──────── Available data
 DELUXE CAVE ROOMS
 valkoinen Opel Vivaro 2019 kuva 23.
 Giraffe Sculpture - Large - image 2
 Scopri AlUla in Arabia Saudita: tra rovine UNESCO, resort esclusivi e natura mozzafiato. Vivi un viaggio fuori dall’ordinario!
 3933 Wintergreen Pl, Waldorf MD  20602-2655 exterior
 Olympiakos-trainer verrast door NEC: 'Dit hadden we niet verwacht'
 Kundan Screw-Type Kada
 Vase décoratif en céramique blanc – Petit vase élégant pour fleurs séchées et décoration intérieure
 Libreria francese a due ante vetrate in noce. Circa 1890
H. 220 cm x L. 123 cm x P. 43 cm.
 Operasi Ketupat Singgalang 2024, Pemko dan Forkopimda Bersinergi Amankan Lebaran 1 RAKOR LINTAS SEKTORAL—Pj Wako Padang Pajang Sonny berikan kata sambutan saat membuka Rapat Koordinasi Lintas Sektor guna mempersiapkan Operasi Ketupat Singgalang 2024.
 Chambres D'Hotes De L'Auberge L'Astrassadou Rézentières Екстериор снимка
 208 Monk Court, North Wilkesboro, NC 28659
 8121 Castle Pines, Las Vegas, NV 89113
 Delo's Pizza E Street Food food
────────────────
## Your task
Having read the material, transcribe all of it exactly.

## Reply to the exercise
 DELUXE CAVE ROOMS
 valkoinen Opel Vivaro 2019 kuva 23.
 Giraffe Sculpture - Large - image 2
 Scopri AlUla in Arabia Saudita: tra rovine UNESCO, resort esclusivi e natura mozzafiato. Vivi un viaggio fuori dall’ordinario!
 3933 Wintergreen Pl, Waldorf MD  20602-2655 exterior
 Olympiakos-trainer verrast door NEC: 'Dit hadden we niet verwacht'
 Kundan Screw-Type Kada
 Vase décoratif en céramique blanc – Petit vase élégant pour fleurs séchées et décoration intérieure
 Libreria francese a due ante vetrate in noce. Circa 1890
H. 220 cm x L. 123 cm x P. 43 cm.
 Operasi Ketupat Singgalang 2024, Pemko dan Forkopimda Bersinergi Amankan Lebaran 1 RAKOR LINTAS SEKTORAL—Pj Wako Padang Pajang Sonny berikan kata sambutan saat membuka Rapat Koordinasi Lintas Sektor guna mempersiapkan Operasi Ketupat Singgalang 2024.
 Chambres D'Hotes De L'Auberge L'Astrassadou Rézentières Екстериор снимка
 208 Monk Court, North Wilkesboro, NC 28659
 8121 Castle Pines, Las Vegas, NV 89113
 Delo's Pizza E Street Food food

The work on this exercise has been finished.